The bowling teams compete baker style, which means each player in the five-person line-up throws one ball. If the first leaves pins standing, it’s up to the second man to clean up what’s left and so on.
On one hand, the format pushes the bowlers to excel within limited opportunity. It can also be a recipe for disaster if someone ends up having to shoot 7-10 splits the whole game through.
“They feed off each other. When there’s negativity, it brings everybody down. When everybody is striking, it’s like chum in the water,” said Scott Miller, assistant coach to the team.
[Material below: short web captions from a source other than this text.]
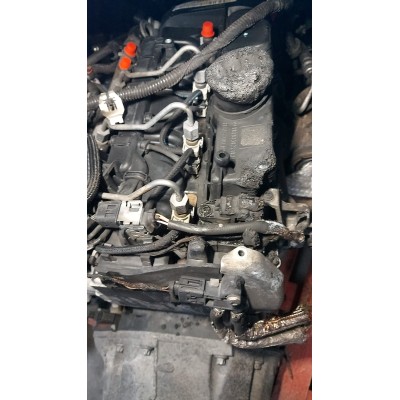 Motor Completo – MERCEDES-BENZ C-CLASS (W204)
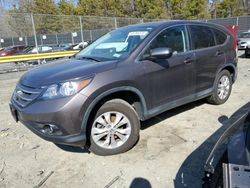 Honda salvage cars for sale: 2014 Honda CR-V EX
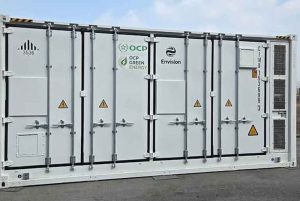 Envision Energy Powers Morocco's First Large-Scale BESS at OCP's Benguerir Mining Site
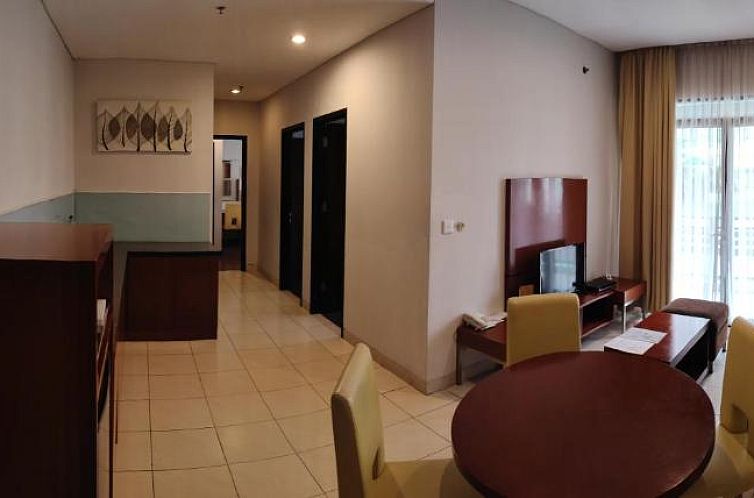 Grand Kuta Hotel and Residence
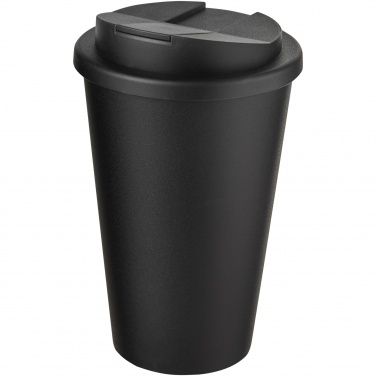 Logo trade promotional giveaways image of: Americano® 350 ml tumbler with spill-proof lid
One thing that will help the team this year is a large turnout to fill the ranks. It means they’ll have substitutes standing ready.
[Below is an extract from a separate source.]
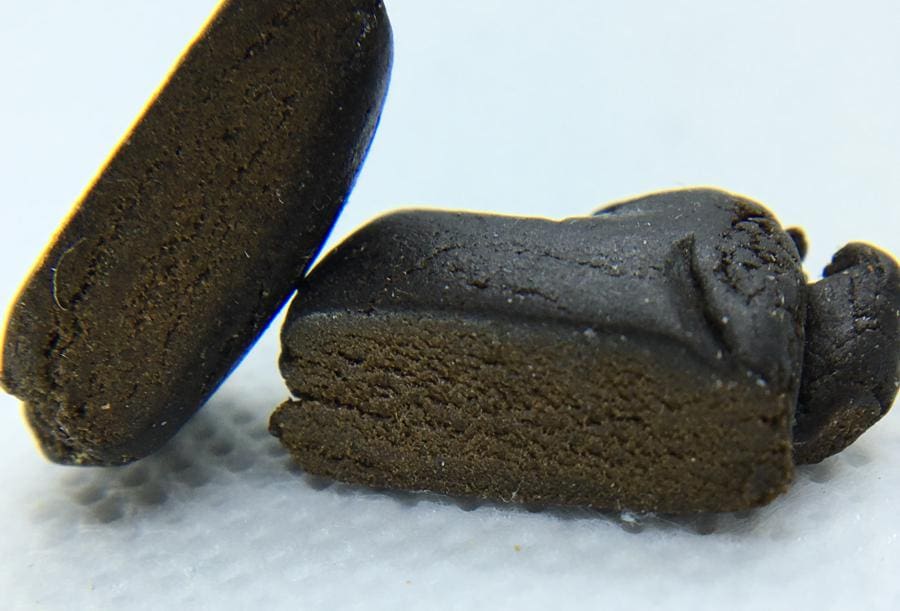 Rolling Stones Hash Review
“We all have another year of experience and were a stronger, more unified, team,” said Garren Stanley.
Each of the team’s eight bowlers–Steven Satter, Justin Blivin, Russ Hurtado, Devon Choate, Kyle Robinson, Jonathan Hall, Scott Bridger and Stanley– are also league bowlers, which isn’t always the case.
While the team practices in the run up the the season, the focus has been on consistency, Satter said.
“It’s a matter of hitting the right board every time up,” he said.
“It’s also learning to adjust our shots when we need to,” added Robinson.
Not every school in the region fields a bowling team, which means there’s a fair amount of flux from year-to-year. This time out, Silverton High School–last year’s state champs–isn’t even putting a team into the mix.
“They decided to quit while they were ahead,” Blivin said.
Typically, the Portland teams have a deeper well of talent and are some of the toughest, although Oregon City and Lebanon high schools are perennial contenders, said Dan Kaplan, McNary head coach.
While the Celts compete with other schools during the regular season, the team’s biggest day of the year won’t arrive until the district tournament in February.
“Our whole focus is getting past districts and then going to the state tournament,” Satter said.
Until then, it’s a matter of chumming the waters as much as possible.